You're only supposed to blow the bloody doors off

I find it interesting that so many commentators seem to be equating Android market share with iOS failure and doom. I suppose it's because, to their eyes, the "last time around", Windows won because it took 90% of the market, and because Apple refused to license its OS to third parties.

If this is indeed the worry, then it's woefully off-target, and betrays a deep misunderstanding of what happened back in the 90s. The simple truth is that Windows "won" because it did something that no other OS had been able to do to the computing industry in the 80s: it defined what a computer was in the eyes of 90% of the market.

Let's take a look at what the computing industry looked like in the 80s. If you wanted a home computer, you could choose to buy, say, an Atari ST, or an Amiga 500, or a Sinclair Spectrum, or an Amstrad, or a Tandy, or even an IBM PC or an Apple Macintosh if you had the budget. Each of these ran an OS built by the manufacturer (mostly), and the OS your computer shipped with was likely the OS it remained with. The idea that you could, or should, be able to take an app from your ST and run it on your Mac was ludicrous, despite the fact that they were based on the same underlying chips, and could read each others disks.

If you read my previous article, this situation should sound remarkably like the mobile industry in up till 2007.

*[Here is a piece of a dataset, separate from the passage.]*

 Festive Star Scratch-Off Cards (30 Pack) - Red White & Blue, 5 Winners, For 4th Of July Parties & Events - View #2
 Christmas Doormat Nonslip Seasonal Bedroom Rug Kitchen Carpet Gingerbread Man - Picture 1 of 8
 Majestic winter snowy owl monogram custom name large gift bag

Now, let's look at what happened to the computing industry in the mid 90s: Microsoft released Windows 95. Its wild success homogenised the market, and within a couple of years, every computer ran Windows. Why? Because Microsoft introduced most of the world's population to a modern concept of "computing", and it looked like a button saying "start".

Microsoft didn't make its own computers, so had to license its OS to manufacturers in order to get its product in front of users, but here's the key point: the OEMs shipped what Microsoft gave them. MS didn't create Windows as a way to let Dell build its own OS, it created Windows in order to own the idea of computing. Dell didn't ship Dell OS, it shipped Windows. So did HP. So did IBM. So did everyone. MS retained an immense amount of control over its platform, in order to ensure that its users would recieve a consistent, unified experience of computing, and would insist on only purchasing computers that provided that experience.

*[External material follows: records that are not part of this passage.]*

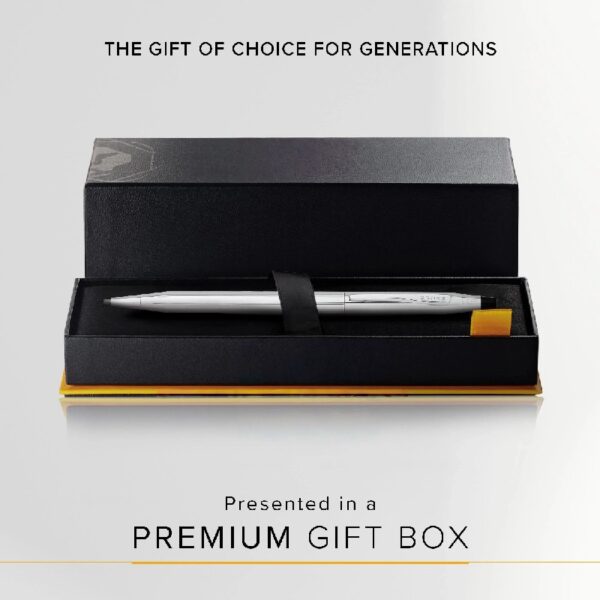 Cross Classic Century Refillable Ballpoint Pen Presented in a Luxury Gift Box - Medium Point, Black Ink, Lustrous Chrome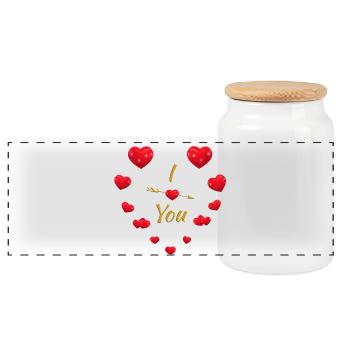 Elegant Heart & Arrow Design for Couples - Panoramic Cookie Jar with Wooden Lid - white - Front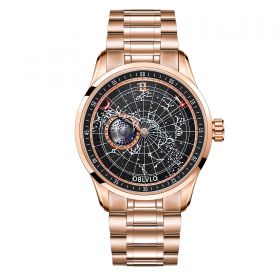OBLVLO Automatic Mechanical Luminous Earth Star Watch GC-SW-PBPS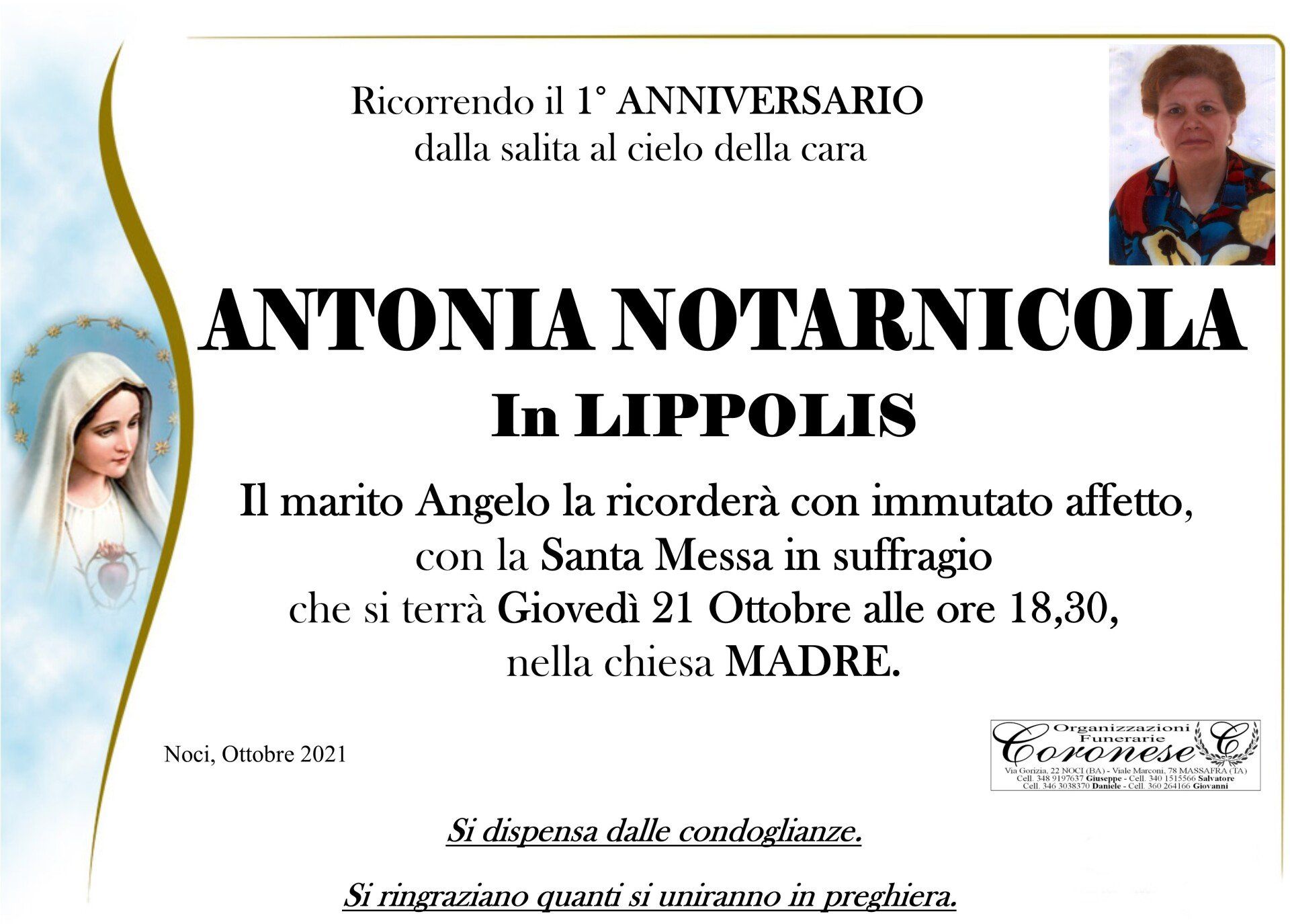 necrologio ANTONIA NOTARNICOLA in LIPPOLIS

Microsoft redefined what the computer industry was with Windows 95, in that it took a previous idea that had traction (you buy a computer, it ships with its own fixed OS) and flipped it (the version of the OS isn't tied to the hardware you bought, and your next machine feels exactly like your current one).

This is precisely what Apple did, and is doing, to the mobile industry.

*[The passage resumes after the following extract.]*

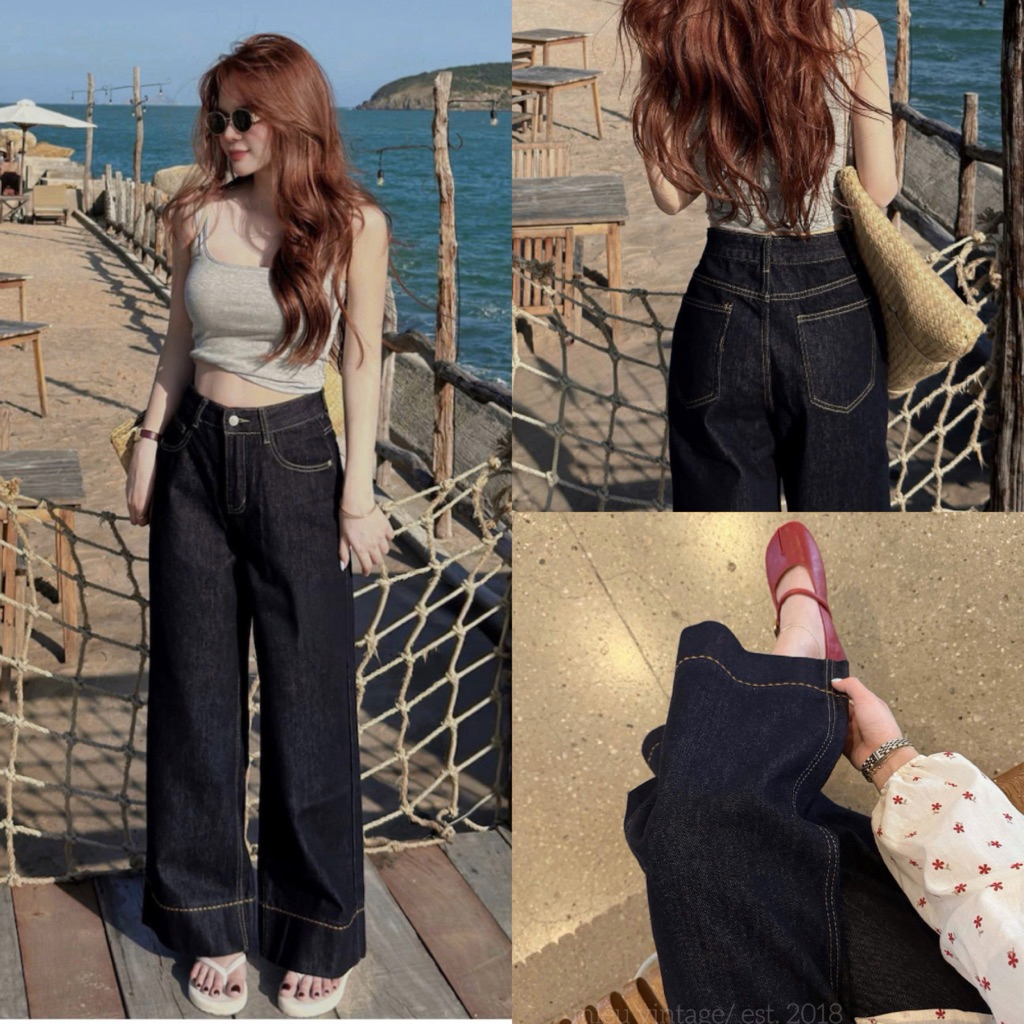 Quần Jean Nữ Ống Suông Gấu Thêu Nổi, Quần Bò Nữ Xanh Than Denim Hack Dáng Cho Nấm Lùn Dài 95cm #8499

The only difference between then and now is to do with how Apple and Microsoft chose to make money. A Windows license costs far less than a PC, and costs more to build and maintain. Software isn't cheap: You don't get economies of scale with software, unless you sell a boatload of them. Microsoft didn't make its own PCs, so it had to ship volume to become profitable. That's why market share mattered for Windows, that and the fact that, in order to turn the industry, MS had to "own" computing.

But make no mistake, market share was won in pursuit of profits. Android has market share, but how much profit is Google making from it? Market share is a meaningless business metric unless it's bringing in cash, and Android could have 100% market share but still make no profit for Google.

Compare with Apple's route to profits: It sells its own hardware, has an insanely well-tuned supply chain, and is simply gobbling up the cash in the market. Share doesn't matter when you make your own incredibly profitable hardware, and when you've locked up the supply chain so nobody else can hope to be as profitable.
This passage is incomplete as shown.